◆ Web page caption snippets:

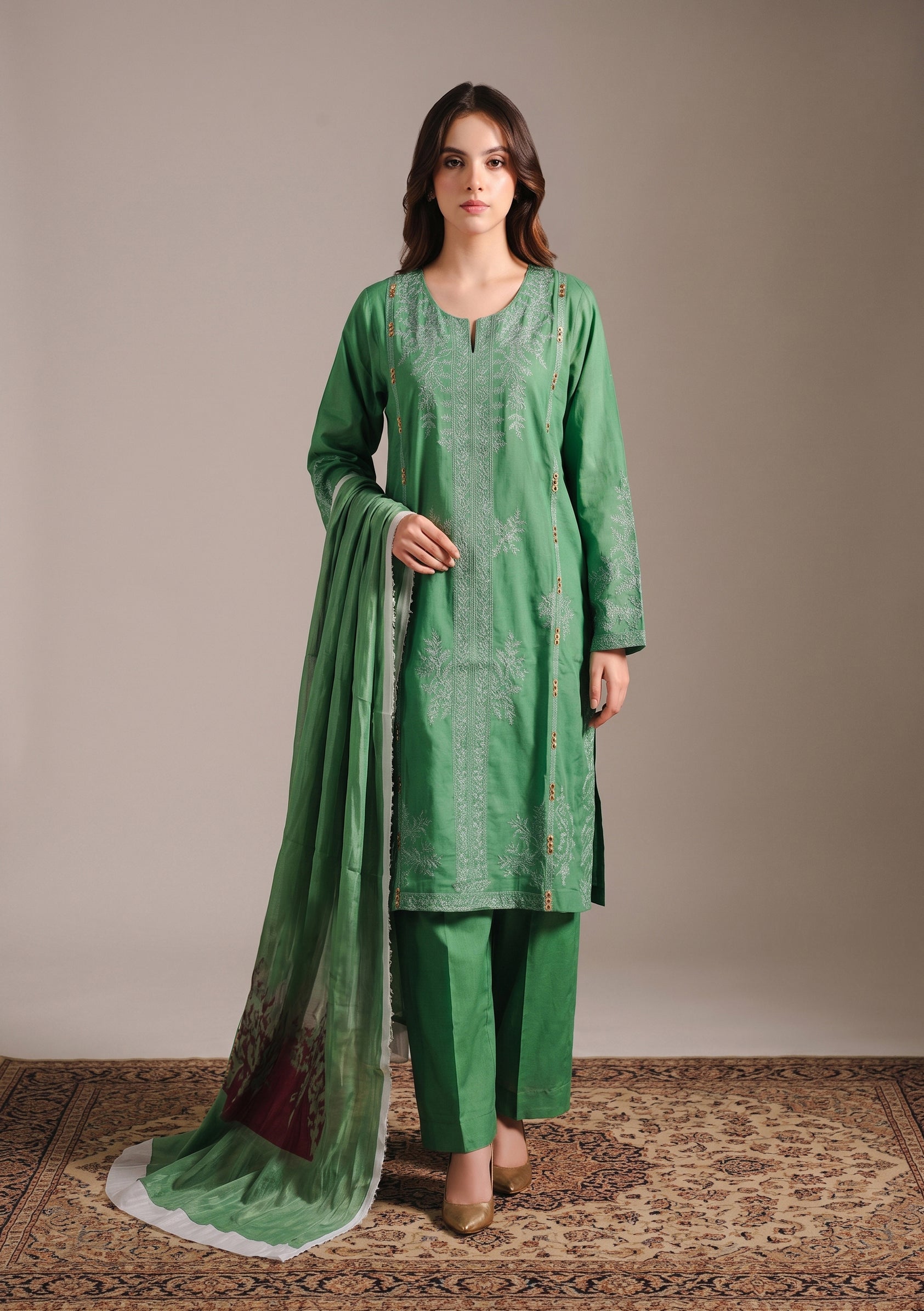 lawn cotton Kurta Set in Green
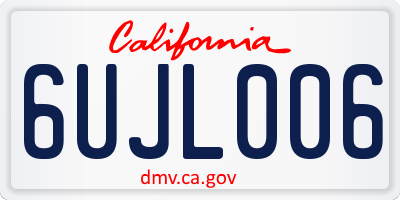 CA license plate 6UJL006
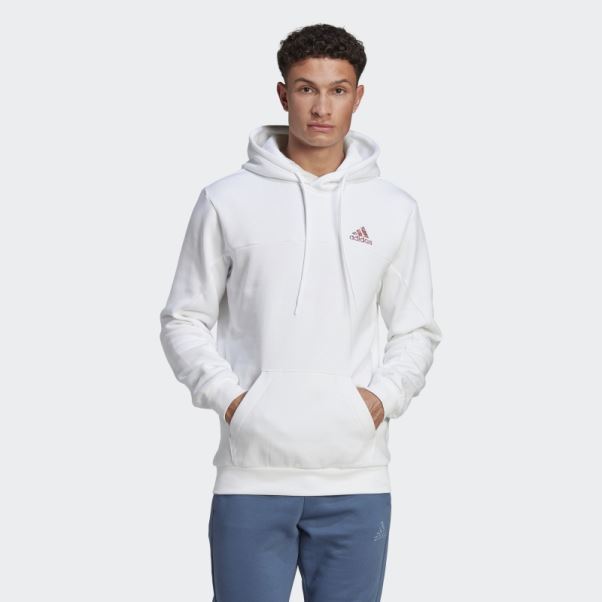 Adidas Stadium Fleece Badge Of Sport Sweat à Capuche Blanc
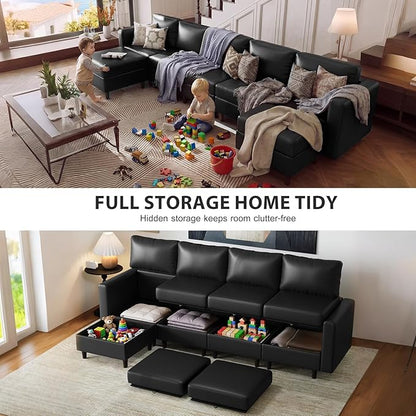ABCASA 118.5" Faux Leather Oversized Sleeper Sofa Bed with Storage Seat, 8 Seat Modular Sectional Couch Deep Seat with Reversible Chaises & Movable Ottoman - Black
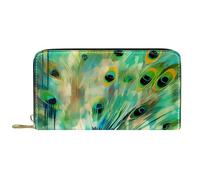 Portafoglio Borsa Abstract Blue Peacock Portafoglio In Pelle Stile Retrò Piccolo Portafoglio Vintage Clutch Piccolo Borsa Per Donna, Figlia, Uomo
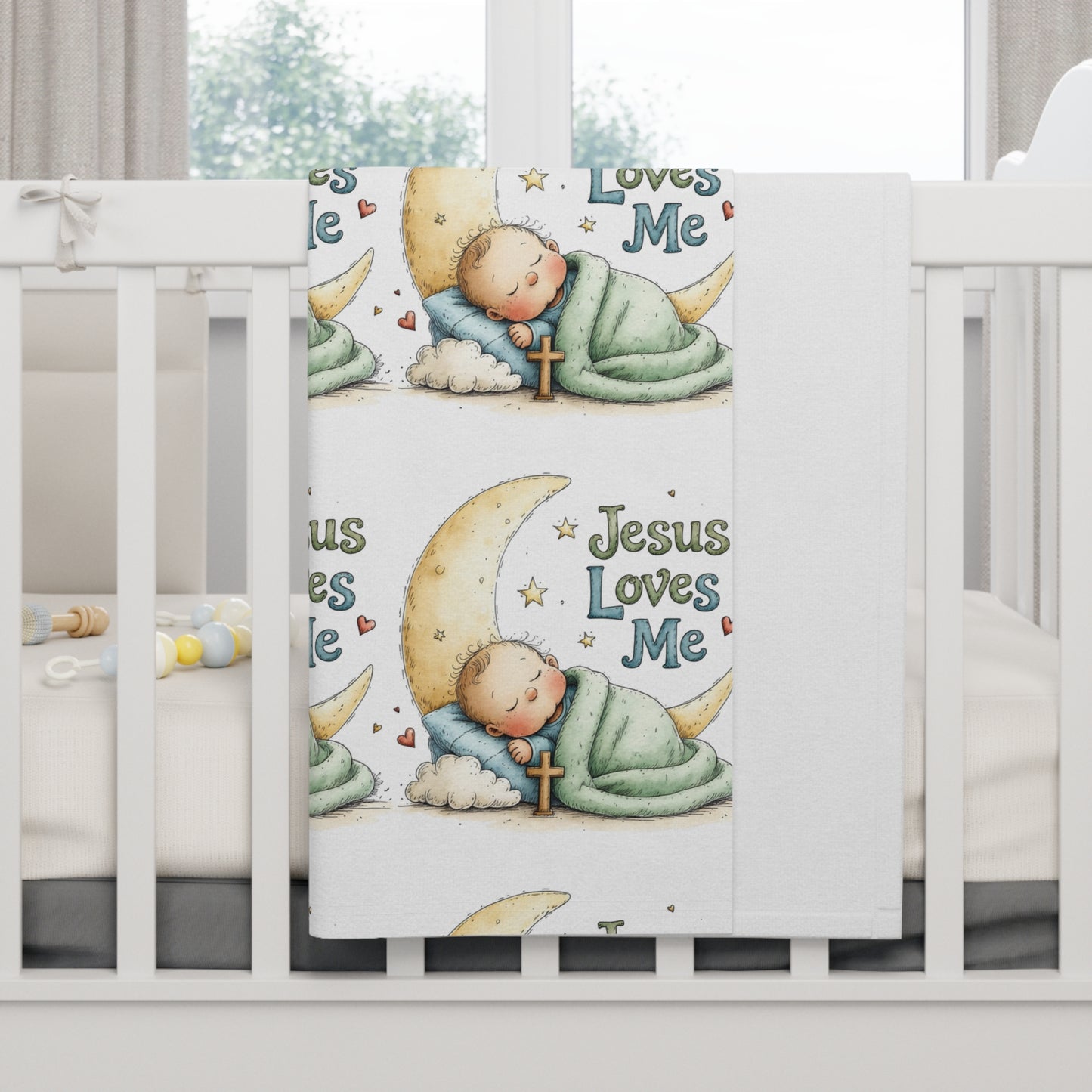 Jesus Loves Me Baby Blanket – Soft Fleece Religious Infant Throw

◆ Requirement: Could you return all the entries exactly as they appear, minus the pictures?

◆ Reply:
 lawn cotton Kurta Set in Green
 CA license plate 6UJL006
 Adidas Stadium Fleece Badge Of Sport Sweat à Capuche Blanc
ABCASA 118.5" Faux Leather Oversized Sleeper Sofa Bed with Storage Seat, 8 Seat Modular Sectional Couch Deep Seat with Reversible Chaises & Movable Ottoman - Black
 Portafoglio Borsa Abstract Blue Peacock Portafoglio In Pelle Stile Retrò Piccolo Portafoglio Vintage Clutch Piccolo Borsa Per Donna, Figlia, Uomo
 Jesus Loves Me Baby Blanket – Soft Fleece Religious Infant Throw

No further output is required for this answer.